PHMSA Posts Record Enforcement Numbers in 2012

The Department of Transportation/Pipeline Hazardous Materials Safety Administration (PHMSA) is holding operators accountable for compliance with safety rules. In its push to ensure the nation’s pipeline companies continue to enhance the safety of their systems by investing in necessary improvements, PHMSA issued 116 enforcement orders to pipeline operators in 2012, its second highest year, for problems with integrity management programs, qualified personnel, corrosion control, and a number of other possible regulatory violations identified during routine inspections and failure investigations. As a result of its enforcement efforts, PHMSA issued a record $8,748,200 in proposed fines in 2012, including its highest ever civil penalty case in response to a crude oil pipeline failure in Marshall, Michigan. PHMSA’s number of enforcement orders issued in 2012 is just four shy of the agency’s single year record in 2011 of 120.
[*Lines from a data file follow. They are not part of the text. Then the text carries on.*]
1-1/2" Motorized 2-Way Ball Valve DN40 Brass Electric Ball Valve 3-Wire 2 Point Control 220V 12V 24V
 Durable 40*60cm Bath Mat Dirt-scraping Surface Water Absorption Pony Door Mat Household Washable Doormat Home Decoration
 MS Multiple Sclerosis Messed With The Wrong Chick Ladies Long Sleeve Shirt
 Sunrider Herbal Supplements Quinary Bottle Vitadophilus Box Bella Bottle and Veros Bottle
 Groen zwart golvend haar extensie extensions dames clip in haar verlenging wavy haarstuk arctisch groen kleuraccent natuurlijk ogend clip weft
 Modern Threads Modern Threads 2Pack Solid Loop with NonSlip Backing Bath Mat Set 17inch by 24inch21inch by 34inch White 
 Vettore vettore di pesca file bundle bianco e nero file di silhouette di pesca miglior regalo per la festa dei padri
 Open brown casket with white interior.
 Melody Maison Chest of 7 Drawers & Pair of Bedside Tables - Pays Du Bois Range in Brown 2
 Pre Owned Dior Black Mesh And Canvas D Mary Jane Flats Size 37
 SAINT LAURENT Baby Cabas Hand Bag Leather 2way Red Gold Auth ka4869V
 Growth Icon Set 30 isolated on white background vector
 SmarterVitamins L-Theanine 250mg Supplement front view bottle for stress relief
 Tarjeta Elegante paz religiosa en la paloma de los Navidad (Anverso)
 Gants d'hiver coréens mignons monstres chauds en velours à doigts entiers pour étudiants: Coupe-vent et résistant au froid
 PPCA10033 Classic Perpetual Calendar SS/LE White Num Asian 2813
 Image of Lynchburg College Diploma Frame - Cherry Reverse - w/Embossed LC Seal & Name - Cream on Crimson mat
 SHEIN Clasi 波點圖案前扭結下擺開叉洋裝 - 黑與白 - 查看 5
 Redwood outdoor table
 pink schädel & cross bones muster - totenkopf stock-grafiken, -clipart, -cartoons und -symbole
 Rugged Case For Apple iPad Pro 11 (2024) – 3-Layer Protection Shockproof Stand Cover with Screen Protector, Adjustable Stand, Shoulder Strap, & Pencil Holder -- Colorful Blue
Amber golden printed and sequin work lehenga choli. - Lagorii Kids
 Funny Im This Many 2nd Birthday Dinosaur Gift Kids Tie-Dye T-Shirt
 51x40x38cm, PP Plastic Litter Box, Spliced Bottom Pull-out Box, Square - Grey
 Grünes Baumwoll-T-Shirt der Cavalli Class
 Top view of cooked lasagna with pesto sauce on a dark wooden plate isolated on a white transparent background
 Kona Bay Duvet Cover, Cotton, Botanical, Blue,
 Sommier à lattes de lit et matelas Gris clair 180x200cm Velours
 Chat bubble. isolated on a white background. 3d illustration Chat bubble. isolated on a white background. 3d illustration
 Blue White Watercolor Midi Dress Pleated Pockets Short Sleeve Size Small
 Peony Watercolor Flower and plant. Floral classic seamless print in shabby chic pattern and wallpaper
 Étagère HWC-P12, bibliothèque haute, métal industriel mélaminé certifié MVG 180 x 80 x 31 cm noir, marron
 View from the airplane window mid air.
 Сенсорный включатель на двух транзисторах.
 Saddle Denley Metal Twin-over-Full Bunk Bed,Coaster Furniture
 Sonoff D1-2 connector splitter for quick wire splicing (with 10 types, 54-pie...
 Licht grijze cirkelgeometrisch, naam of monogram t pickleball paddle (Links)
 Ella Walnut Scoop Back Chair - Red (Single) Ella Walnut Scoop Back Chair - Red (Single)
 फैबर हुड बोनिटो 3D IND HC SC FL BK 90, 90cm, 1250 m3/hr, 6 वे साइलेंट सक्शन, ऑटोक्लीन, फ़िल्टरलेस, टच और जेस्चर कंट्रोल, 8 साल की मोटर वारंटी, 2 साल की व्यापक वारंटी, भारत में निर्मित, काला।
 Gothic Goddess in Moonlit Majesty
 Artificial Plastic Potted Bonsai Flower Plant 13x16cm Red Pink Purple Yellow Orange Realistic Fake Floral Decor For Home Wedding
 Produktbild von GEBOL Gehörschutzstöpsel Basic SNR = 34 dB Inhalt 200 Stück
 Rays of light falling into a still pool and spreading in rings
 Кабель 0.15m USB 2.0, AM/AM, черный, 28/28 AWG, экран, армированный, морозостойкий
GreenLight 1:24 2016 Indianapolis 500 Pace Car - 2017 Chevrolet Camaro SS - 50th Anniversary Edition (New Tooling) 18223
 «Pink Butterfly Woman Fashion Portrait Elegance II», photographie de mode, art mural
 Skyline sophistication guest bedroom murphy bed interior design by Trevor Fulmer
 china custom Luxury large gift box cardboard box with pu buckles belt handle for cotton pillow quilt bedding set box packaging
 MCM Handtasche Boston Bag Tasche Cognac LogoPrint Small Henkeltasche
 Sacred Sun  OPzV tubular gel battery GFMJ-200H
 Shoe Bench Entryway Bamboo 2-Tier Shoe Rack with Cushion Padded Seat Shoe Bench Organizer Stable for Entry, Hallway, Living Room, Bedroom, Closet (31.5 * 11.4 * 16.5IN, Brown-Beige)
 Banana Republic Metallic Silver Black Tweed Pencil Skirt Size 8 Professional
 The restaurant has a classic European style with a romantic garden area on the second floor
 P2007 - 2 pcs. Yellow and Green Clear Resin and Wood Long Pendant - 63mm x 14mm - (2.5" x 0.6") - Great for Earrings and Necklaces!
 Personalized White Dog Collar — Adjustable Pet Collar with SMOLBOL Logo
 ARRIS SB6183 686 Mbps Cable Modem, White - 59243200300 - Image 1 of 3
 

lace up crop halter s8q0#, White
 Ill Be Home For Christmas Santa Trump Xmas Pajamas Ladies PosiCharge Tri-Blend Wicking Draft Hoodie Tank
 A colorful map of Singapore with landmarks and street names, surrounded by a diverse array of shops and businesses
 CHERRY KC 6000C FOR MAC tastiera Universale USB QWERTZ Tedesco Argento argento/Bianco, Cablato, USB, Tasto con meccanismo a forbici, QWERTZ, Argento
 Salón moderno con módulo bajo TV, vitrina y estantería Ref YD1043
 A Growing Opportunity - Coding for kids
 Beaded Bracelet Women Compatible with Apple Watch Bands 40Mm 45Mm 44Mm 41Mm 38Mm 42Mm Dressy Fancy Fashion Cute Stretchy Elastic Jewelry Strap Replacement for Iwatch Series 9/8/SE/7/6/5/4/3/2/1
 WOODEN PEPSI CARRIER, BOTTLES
The Pipeline Safety, Regulatory Certainty, and Job Creation Act of 2011, was signed into law last year by President Obama. The Act doubled the maximum civil penalty amount PHMSA can issue to pipeline operators for violating pipeline safety regulations from $100,000 to $200,000 for each violation, and from $1,000,000 to $2,000,000 for a related series of violations. The Act also authorizes PHMSA to increase its federal pipeline inspector workforce.